44-letni dziś Bartosz Jurecki spośród wszystkich osób w polskim sztabie chyba najbardziej przeżywa boiskowe wydarzenia z udziałem swych następców. To on najczęściej zrywa się z ławki, próbując podpowiedzieć coś zawodnikom na parkiecie, a nawet... sędziom. Nie ma wątpliwości, że towarzyszące mu obecnie emocje nie są wcale mniejsze niż te, które odczuwał jako reprezentacyjny obrotowy, „szarpiąc się” z obrońcami drużyn przeciwnych.
„Super Express”: - Nie żal panu, że... nie doczekał pan jako czynny zawodnik imprezy rangi mistrzostw świata w Polsce?

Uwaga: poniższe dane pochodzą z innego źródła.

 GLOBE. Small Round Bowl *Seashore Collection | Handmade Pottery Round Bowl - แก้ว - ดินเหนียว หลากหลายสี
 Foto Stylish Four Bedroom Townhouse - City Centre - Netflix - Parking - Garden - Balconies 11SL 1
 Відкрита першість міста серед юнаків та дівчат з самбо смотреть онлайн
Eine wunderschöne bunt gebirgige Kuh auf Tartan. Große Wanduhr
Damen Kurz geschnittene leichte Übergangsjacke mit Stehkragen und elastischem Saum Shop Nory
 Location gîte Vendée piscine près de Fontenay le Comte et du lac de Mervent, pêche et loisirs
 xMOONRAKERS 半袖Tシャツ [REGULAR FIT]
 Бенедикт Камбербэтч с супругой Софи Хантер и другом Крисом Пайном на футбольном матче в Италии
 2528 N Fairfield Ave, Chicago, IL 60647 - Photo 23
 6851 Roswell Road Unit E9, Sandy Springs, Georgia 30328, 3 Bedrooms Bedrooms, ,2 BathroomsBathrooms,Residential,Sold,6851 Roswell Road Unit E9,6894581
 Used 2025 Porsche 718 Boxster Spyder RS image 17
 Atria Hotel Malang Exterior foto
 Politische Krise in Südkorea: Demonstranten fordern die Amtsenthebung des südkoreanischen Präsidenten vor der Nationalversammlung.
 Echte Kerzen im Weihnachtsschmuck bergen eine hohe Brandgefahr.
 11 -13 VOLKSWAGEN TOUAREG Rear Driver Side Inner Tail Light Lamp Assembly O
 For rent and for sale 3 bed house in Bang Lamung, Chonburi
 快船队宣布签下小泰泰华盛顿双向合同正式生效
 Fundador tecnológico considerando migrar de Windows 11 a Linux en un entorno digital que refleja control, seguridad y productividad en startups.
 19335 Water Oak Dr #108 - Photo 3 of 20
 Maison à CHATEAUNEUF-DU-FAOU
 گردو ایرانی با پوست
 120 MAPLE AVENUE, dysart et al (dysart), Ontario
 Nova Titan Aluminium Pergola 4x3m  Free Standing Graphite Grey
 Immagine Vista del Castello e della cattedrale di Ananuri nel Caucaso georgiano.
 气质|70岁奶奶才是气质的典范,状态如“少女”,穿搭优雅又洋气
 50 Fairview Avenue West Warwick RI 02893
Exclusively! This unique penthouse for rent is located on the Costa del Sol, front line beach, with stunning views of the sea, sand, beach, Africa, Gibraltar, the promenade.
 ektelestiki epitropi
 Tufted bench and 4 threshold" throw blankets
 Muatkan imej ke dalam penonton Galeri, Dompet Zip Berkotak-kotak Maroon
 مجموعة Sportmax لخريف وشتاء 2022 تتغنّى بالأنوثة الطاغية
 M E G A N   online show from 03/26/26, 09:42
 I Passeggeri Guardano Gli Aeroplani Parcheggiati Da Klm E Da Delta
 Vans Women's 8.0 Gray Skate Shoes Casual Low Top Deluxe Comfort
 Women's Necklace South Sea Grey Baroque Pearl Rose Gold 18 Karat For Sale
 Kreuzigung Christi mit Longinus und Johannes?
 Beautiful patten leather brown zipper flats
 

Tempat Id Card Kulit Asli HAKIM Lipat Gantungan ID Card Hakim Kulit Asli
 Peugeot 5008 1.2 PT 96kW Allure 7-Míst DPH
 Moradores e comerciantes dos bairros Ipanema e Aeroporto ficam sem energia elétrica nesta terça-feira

Bartosz Jurecki: - Przeżyłem mistrzostwa Europy na polskich parkietach, więc bardzo żałuję, że już w tym mundialu zagrać nie mogę. Atmosfera w halach jest wspaniała, są – dzięki kibicom – nadzwyczajne emocje i człowiek naprawdę chciałby jeszcze to wszystko poczuć. Zdrowie jednak, niestety, już nie pozwala. Na szczęście są inni zawodnicy, całkiem dobrzy.
- A pan – jako członek sztabu szkoleniowego – nimi zarządza. Ale czasem nie brakuje panu Grzegorza Tkaczyka albo Karola Bieleckiego na parkiecie?
- To były inne czasy. Dziś mamy nową kadrę: młodą, perspektywiczną. Z przyjemnością patrzę na zaangażowanie każdego zawodnika, przyjeżdżającego na zgrupowanie. Widać je nie tylko na boisku, ale i podczas odpraw, a nawet... wypoczynku w hotelu.
- Wierni kibice szczypiorniaka zawsze będą jednak robić porównania, szukać w nowej kadrze „odpowiedników” Bartosza Jureckiego czy Sławomira Szmala...
- Mają prawo. Ale dziś mamy do czynienia już z zupełnie inną piłką ręczną: szybszą, dynamiczniejszą. Za naszych czasów była ona bardziej siłowa.
- Ale to z czasów waszej ekipy pozostały w pamięci kibiców nieśmiertelne anegdoty i jednostki czasu w postaci „jednej Wenty”.
- Więcej było takich sytuacji, opowieści, zdarzeń. Wspomnienia są oczywiście fajne; z wielką przyjemnością spotkałem się parę dni temu z Arturem Siódmiakiem i Damianem Wleklakiem. Ale to już przeszłość, a my musimy patrzeć na to, co zrobi ta nowa – całkiem dobra – drużyna reprezentacyjna.
- 21., 13., 12. - to miejsca tej nowej kadry w imprezach rangi mistrzostw świata czy Europy. Jaka liczbę dopiszemy po mundialu?
- Wiadomo, że chcemy być w dziesiątce, a jeszcze bardziej – w ósemce. To mocne postanowienie, przy pełnym składzie i bez kontuzji jesteśmy w stanie – moim zdaniem – to osiągnąć. Gramy u siebie, więc czemu nie mierzyć tak wysoko?
- Ekipie, do której pan należał, łydki nie drżały przed żadnym z rywali. Jak dzisiejszym kadrowiczom wytłumaczyć, że mistrzowie olimpijscy to tacy sami ludzie, jak oni?
- Ale oni o tym doskonale wiedzą! Wielu z nich grywa na co dzień przeciwko Francuzom – i nie tylko Francuzom – w Lidze Mistrzów, w europejskich pucharach, w zagranicznych ligach. Zbierają doświadczenie, wygrywają z nimi w tych meczach. Wiedzą, że nie są to roboty, które rzucą nam w ciągu 60 minut 45 goli, a my im – tylko 20. Trzeba po prostu wyjść na parkiet ze świadomością, że – po pierwsze – gramy przed swoją publicznością, po drugie – że akurat tego dnia po prostu jesteśmy lepszą drużyną.
- Sięga pan czasami w dzisiejszej trenerskiej pracy do pamięci, albo notatek, z czasów odpraw u Bogdana Wenty albo Michaela Bieglera?
- Nie muszę. Patryk Rombel świetnie prowadzi odprawy. Jak czuję, że powinienem, to się odzywam (śmiech), ale przede wszystkim rozmawiamy między sobą.
- Jest trudniej w roli trenera niż gracza na parkiecie?
- Zdecydowanie trudniej. Jako trener możesz do chwili pierwszego gwizdka coś pokazać, narysować, przekazać. Ale jak już się rozlegnie, już nie wejdziesz na boisko – choć czasami bardzo się tego chce!
- Kto będzie polską gwiazdą tych mistrzostw?
- Sugeruje pan, że znowu ja? (śmiech) Wierzę, że cała reprezentacja.